Your objective:
Copy the data from the line that contains "Sugu · Tianjing Zhimou Homestay" to its last line, exactly, including both of those lines and leaving out everything before.

----

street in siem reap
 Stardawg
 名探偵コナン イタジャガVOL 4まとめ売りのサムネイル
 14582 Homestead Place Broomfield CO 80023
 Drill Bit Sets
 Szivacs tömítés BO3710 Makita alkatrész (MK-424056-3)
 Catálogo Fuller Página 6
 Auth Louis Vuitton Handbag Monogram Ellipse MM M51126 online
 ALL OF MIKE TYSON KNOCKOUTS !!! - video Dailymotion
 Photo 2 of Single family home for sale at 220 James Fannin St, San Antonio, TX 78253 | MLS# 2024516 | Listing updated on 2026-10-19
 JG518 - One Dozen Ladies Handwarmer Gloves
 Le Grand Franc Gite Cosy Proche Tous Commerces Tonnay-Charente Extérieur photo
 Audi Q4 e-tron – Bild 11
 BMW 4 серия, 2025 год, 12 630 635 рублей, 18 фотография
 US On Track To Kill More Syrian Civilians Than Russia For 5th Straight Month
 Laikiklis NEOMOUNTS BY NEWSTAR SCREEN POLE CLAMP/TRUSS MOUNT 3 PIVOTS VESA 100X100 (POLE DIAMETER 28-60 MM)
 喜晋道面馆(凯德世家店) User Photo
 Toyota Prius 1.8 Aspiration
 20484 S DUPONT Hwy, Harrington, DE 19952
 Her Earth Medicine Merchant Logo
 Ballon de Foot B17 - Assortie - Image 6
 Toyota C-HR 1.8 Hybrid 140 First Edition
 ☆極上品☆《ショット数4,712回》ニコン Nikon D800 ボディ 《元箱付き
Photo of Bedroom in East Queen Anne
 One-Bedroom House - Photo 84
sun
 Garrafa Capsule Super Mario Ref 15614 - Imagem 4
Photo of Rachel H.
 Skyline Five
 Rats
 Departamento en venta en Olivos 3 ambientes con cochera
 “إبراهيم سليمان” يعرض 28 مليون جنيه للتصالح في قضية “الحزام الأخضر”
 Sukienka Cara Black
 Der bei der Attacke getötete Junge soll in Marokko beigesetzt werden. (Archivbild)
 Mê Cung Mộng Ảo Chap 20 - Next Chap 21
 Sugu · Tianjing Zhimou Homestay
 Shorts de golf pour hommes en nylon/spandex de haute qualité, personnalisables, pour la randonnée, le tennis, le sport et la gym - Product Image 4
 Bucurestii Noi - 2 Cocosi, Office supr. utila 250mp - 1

----

Written reply:
 Sugu · Tianjing Zhimou Homestay
 Shorts de golf pour hommes en nylon/spandex de haute qualité, personnalisables, pour la randonnée, le tennis, le sport et la gym - Product Image 4
 Bucurestii Noi - 2 Cocosi, Office supr. utila 250mp - 1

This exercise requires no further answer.